= Beginning of Section =

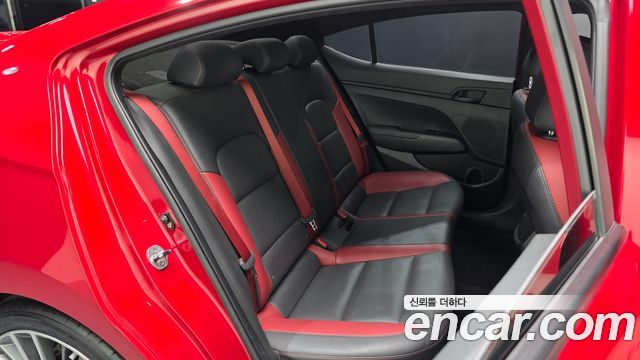 Hyundai Avante (AD) 1.6 Turbo Sport 2018 — фото 11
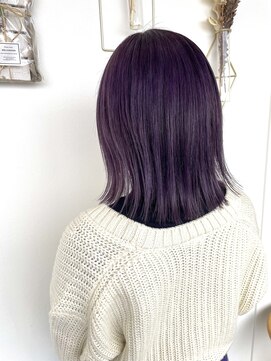 ヘアーディア みどり店(Hair...DiA) バイオレット！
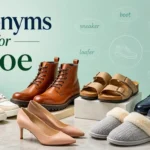 Synonyms for Shoe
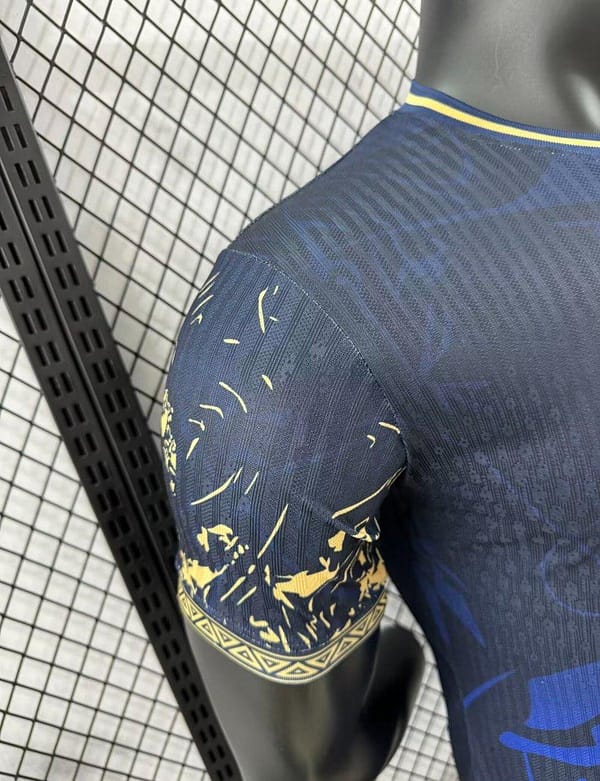 Player Version 2024 Brazil Navy Special Jersey - Image 3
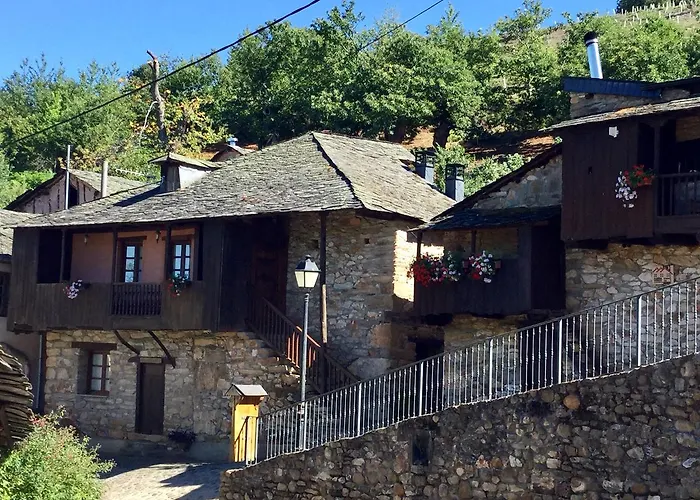 Rural El Lagar De Medulas 호텔 Orellán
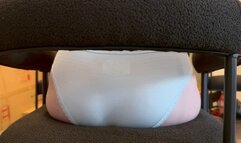 Clumsy Giantess Keeps Sitting on Tiny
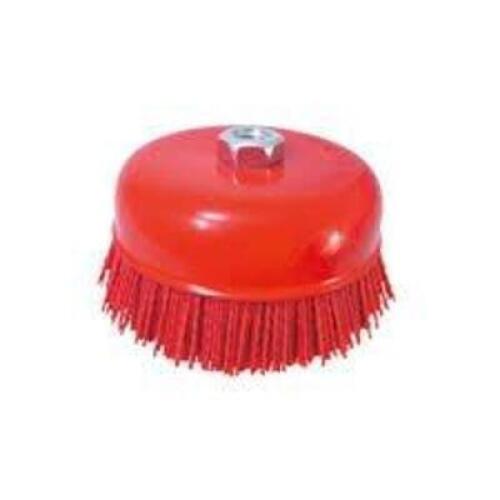 DESCRIPTION: (5) NYLON BED BRUSH BRAND/MODEL: ASTRO #50XN18 INFORMATION: RED SIZE: 6IN RETAIL$: $25.39 EA QTY: 5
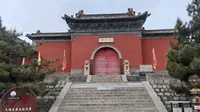 山西︳阳泉︳荫营镇林里村玉泉山·关王庙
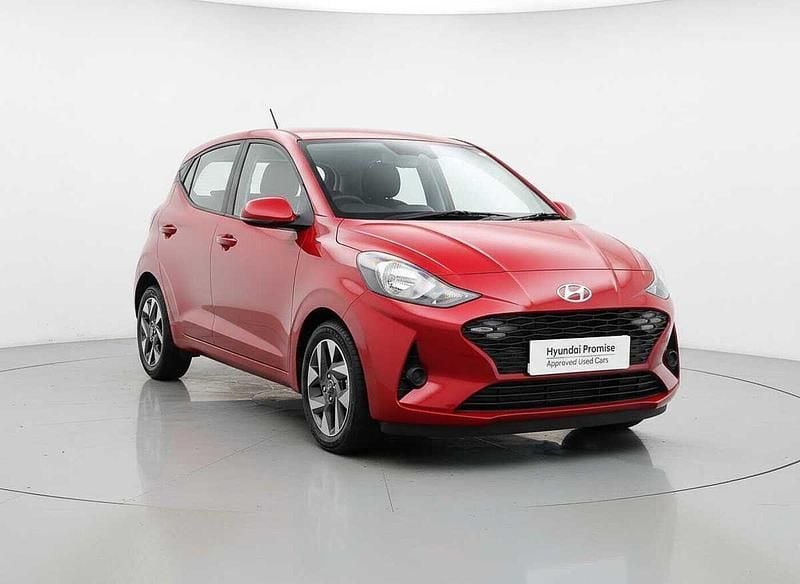 New Hyundai i10 Advanced 2026 Red Hatchback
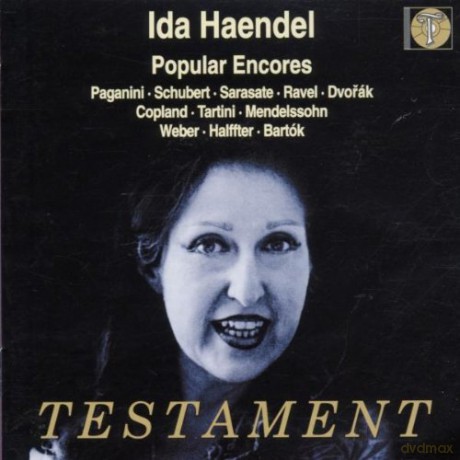 Ida Haendel-Popular Encores [CD]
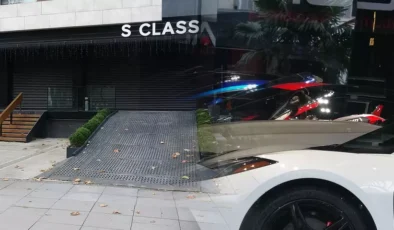 Kadıköy’de lüks oto galerisiyle ilgili dikkat çeken iddia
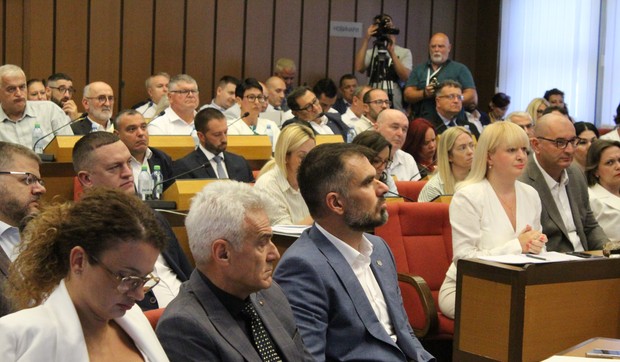 Sednica Skupštine Novog Sada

= End of Section =

§ **WHAT THIS TASK INVOLVES**
Exact copy, pictures excluded: repeat the lines from the top of the material through the line with "Clumsy Giantess Keeps Sitting on Tiny".

§ **SOLUTION**
 Hyundai Avante (AD) 1.6 Turbo Sport 2018 — фото 11
 ヘアーディア みどり店(Hair...DiA) バイオレット！
 Synonyms for Shoe
 Player Version 2024 Brazil Navy Special Jersey - Image 3
 Rural El Lagar De Medulas 호텔 Orellán
 Clumsy Giantess Keeps Sitting on Tiny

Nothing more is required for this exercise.